Worldwide Supply Chain Execution Market to Grow Over 9 Percent Annually

ARC: Growth being driven more by demand for real-time production management applications than for logistics applications

ARC: Growth being driven more by demand for real-time production management applications than for logistics applications

Dedham, MA — October 26, 2005 — The worldwide market for supply chain execution (SCE) is expected to grow at a compounded annual growth rate (CAGR) of 9.2 percent over the next five years, according to a new ARC Advisory Group study. SCE solutions are real-time systems that manage supply chain operations.

The market was $4.2 billion in 2005 and is forecasted to be almost $6.6 billion in 2010, ARC said.

SCE solutions are composed of warehouse management systems (WMS), transportation management systems (TMS), collaborative production management (CPM) applications and other real-time supply chain applications. "The growth in the supply chain execution market," noted Steve Banker, ARC service director for Supply Chain Management, "is being driven far more by the demand for real-time production management applications than for logistics applications."

Banker is the principal author of ARC's "Supply Chain Execution Worldwide Outlook: Market Forecast and Analysis through 2010."

SCE Logistics Applications Experience Price Pressures

SCE logistics applications have experienced downward pressure on average selling prices (ASPs), ARC said. This has been most dramatic in the WMS and TMS markets. In the WMS market for example, the CAGR for the ASP fell by over 16 percent between 2001 and 2004.

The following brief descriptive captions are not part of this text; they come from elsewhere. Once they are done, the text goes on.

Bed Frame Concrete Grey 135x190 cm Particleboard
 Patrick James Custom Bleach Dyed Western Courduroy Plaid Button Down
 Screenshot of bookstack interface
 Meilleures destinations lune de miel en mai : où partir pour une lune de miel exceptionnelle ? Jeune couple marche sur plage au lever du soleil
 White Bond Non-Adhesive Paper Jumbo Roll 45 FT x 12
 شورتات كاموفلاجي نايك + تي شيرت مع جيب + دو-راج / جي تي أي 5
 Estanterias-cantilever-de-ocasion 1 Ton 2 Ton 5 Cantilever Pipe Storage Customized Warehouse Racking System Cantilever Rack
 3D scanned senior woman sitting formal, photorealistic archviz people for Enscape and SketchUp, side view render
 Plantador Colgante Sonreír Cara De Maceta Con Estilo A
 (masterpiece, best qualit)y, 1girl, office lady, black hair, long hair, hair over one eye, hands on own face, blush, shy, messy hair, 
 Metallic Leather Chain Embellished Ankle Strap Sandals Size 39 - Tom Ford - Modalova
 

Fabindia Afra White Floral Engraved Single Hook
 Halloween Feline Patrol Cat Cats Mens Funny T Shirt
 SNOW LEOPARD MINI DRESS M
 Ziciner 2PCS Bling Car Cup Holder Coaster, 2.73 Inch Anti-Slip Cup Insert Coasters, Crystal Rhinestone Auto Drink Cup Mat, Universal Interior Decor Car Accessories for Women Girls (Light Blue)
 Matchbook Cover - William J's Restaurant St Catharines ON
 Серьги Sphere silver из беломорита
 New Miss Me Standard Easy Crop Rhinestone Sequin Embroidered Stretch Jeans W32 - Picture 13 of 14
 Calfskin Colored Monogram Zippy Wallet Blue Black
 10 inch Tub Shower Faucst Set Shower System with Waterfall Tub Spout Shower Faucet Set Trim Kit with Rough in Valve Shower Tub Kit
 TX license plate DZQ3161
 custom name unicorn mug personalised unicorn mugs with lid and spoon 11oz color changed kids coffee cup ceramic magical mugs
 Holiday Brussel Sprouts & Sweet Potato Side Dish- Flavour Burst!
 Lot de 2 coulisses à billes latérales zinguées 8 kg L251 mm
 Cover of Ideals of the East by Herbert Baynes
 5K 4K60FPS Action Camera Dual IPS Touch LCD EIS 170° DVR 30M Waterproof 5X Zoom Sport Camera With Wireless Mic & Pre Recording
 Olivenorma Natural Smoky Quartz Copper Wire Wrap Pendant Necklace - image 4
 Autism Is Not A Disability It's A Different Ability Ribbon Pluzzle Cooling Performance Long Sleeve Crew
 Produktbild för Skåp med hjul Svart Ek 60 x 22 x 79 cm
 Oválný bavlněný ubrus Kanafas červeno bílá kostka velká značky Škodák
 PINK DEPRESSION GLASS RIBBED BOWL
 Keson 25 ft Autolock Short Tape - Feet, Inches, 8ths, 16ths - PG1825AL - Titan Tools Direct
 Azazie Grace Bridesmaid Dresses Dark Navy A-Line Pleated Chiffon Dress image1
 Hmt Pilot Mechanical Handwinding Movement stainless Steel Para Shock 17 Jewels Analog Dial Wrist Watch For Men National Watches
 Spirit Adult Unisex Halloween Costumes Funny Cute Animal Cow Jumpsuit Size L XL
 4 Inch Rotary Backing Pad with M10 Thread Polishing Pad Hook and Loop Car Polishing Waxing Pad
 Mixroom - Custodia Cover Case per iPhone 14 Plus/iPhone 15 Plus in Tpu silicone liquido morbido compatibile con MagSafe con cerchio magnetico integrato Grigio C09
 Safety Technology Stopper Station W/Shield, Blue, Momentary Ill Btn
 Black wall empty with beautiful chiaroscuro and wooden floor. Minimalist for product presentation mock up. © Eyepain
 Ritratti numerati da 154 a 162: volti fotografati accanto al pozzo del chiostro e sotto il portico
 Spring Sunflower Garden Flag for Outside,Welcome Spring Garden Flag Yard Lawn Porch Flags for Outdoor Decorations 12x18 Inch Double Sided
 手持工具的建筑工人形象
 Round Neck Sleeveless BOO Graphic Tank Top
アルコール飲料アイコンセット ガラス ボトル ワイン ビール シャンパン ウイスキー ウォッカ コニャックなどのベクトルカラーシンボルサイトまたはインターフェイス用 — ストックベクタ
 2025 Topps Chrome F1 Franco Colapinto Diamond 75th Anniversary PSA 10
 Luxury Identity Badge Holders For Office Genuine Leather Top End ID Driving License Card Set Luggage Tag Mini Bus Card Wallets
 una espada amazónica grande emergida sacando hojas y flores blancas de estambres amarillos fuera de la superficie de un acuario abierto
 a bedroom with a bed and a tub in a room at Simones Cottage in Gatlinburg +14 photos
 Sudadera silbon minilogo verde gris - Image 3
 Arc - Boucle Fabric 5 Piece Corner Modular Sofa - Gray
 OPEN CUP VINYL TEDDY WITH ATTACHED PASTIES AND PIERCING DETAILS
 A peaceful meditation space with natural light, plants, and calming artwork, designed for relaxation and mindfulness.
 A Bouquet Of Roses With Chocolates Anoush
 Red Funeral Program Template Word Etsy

In the TMS market, the on-demand model has also put severe downward pressures on prices. License fees have remained virtually flat the past couple of years, while on-demand revenues continue to grow. The net effect is smaller deal sizes and a smoothing out of revenues over multiple years, according to ARC. With few exceptions, a traditional TMS vendor will now have to sign about 2.5 new clients to generate the same amount of revenue it captured from a single client six years ago.

Further, enterprise resource planning (ERP) SCE solutions for tier-one and -two clients usually cost less than solutions from best-of-breed suppliers. This exerts a downward pressure on ASPs in two ways. First, as ERP suppliers gain market share, a greater percentage of industry revenues come from lower-priced solutions. Second, ERP pricing puts pressure on the best-of-breed to lower their prices.

SCE Production Application Vendors Resist the Encroachments of ERP Suppliers

ERP suppliers' inroads into the CPM space have not been as impressive as they have been in the TMS and WMS areas, ARC said. Many of the larger CPM manufacturing verticals require deep, industry-specific functionality, and this is particularly true of heavy process industries like Chemicals, Paper, and Oil & Gas, as well as the Semiconductor industry, which ARC classifies as a discrete industry. Most of the leaders in CPM-process are also leaders in automation and control systems for those industries.

Several of the larger CPM-process suppliers supply factory automation, devices and sensors to process manufacturers. ARC said that process manufacturers are acutely aware of the need for a link between their factory control systems and production management systems. This knowledge of both hardware and software has helped protect CPM suppliers to process industries better resist the encroachments of ERP suppliers.